• **COLLECTED DATA**
◇ ◇ ◇ ◇ ◇
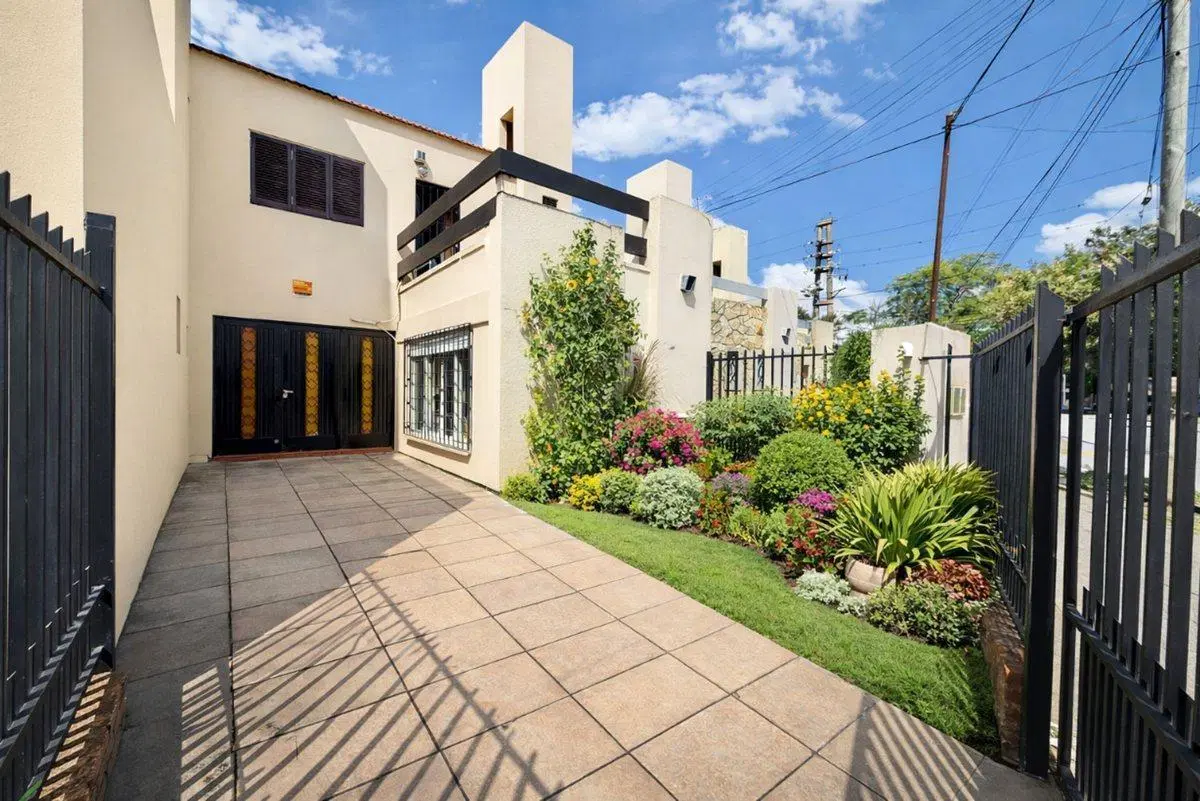 Venta Dúplex 4Amb jardin 2cocheras-a.credito-Merlo 2
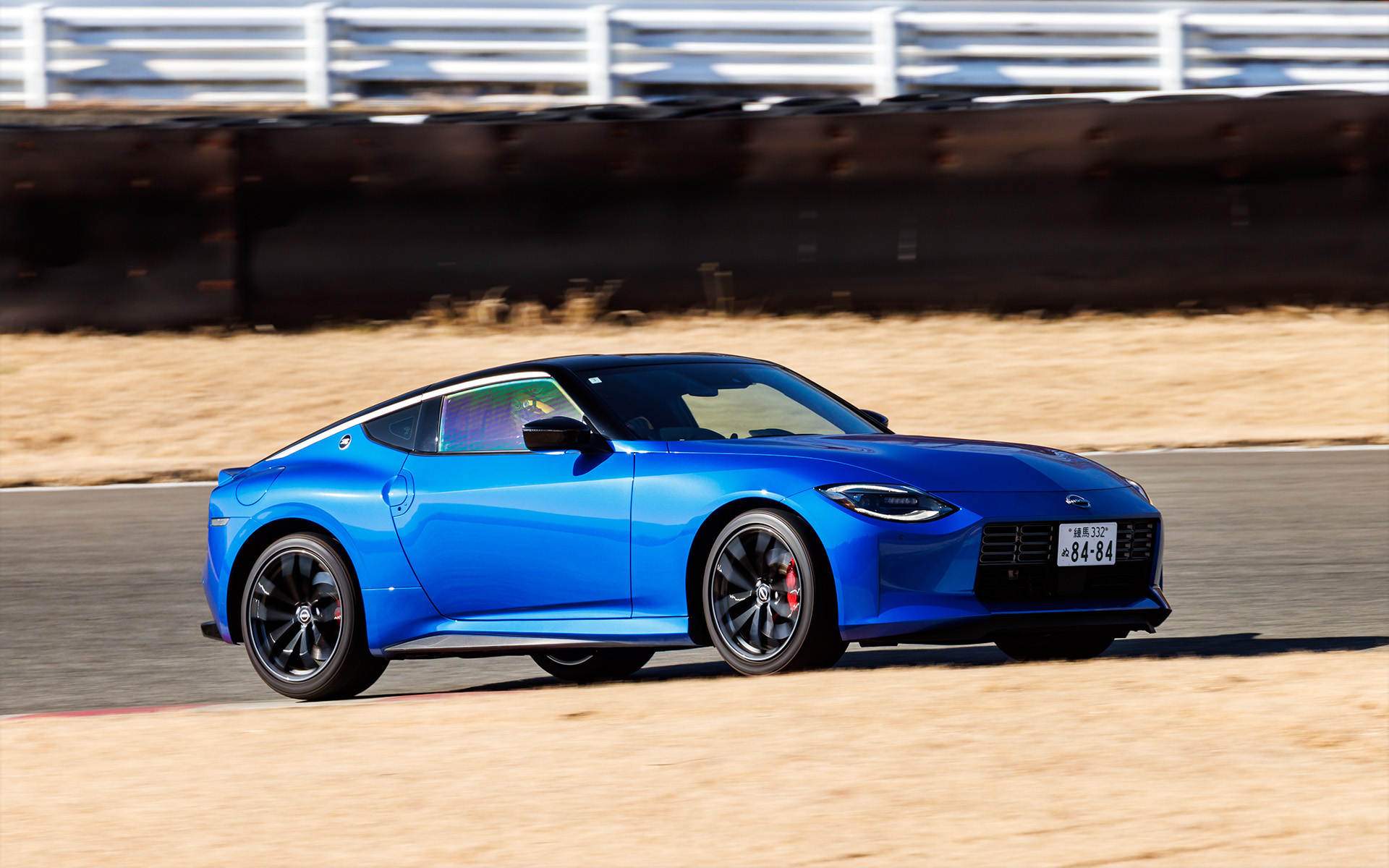 スプリングレートの高さだけでなく、「MONO RACING」の反応の良さがフラットライドに繋がっていると感じた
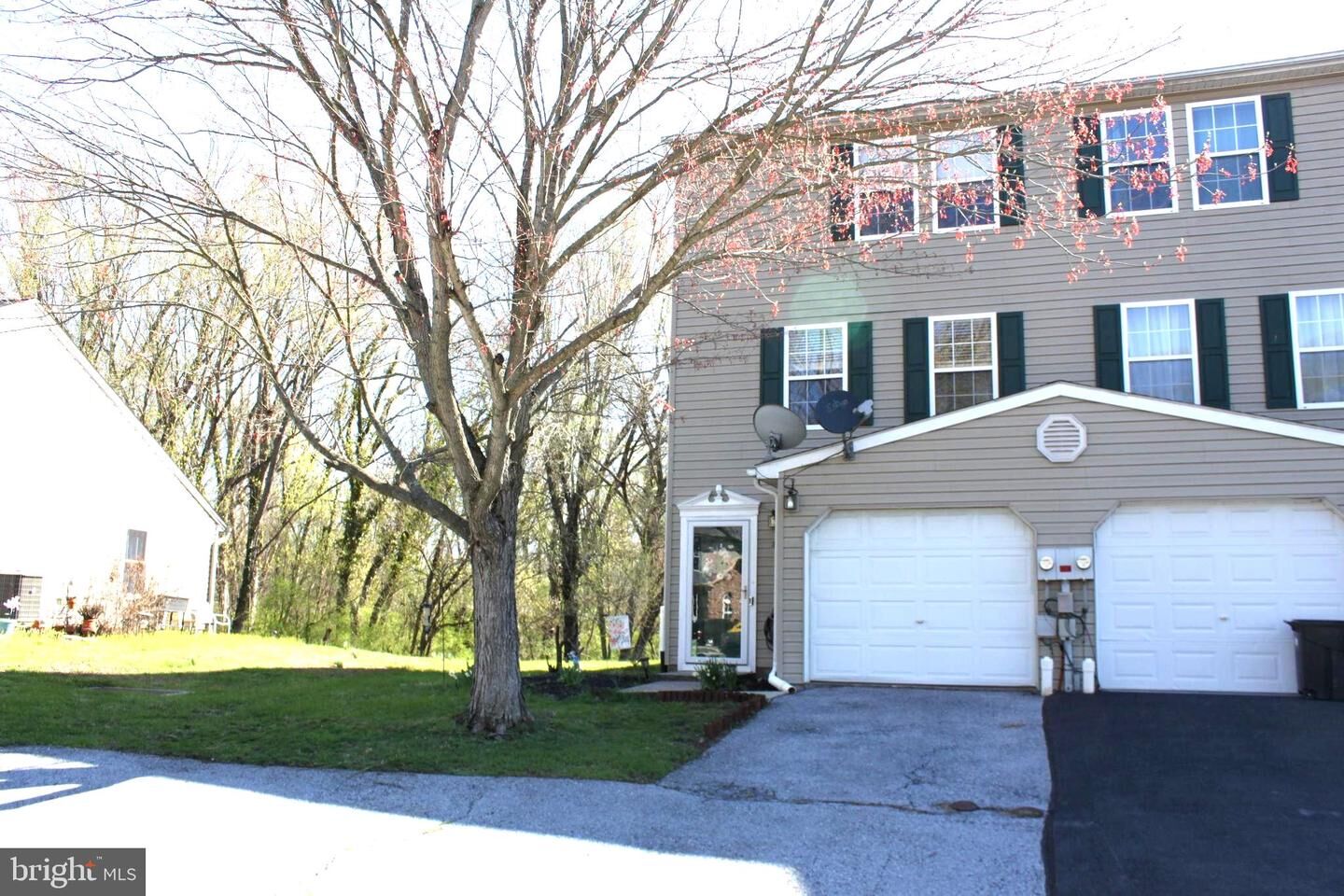 Property Photo:  30 Petersburg Lane  PA 17020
◇ ◇ ◇ ◇ ◇
• **WHAT THE TASK ASKS**
Please set down each line of the data above exactly as written, without the pictures.

• **RESULT OF THE EXERCISE**
 Venta Dúplex 4Amb jardin 2cocheras-a.credito-Merlo 2
 スプリングレートの高さだけでなく、「MONO RACING」の反応の良さがフラットライドに繋がっていると感じた
 Property Photo:  30 Petersburg Lane  PA 17020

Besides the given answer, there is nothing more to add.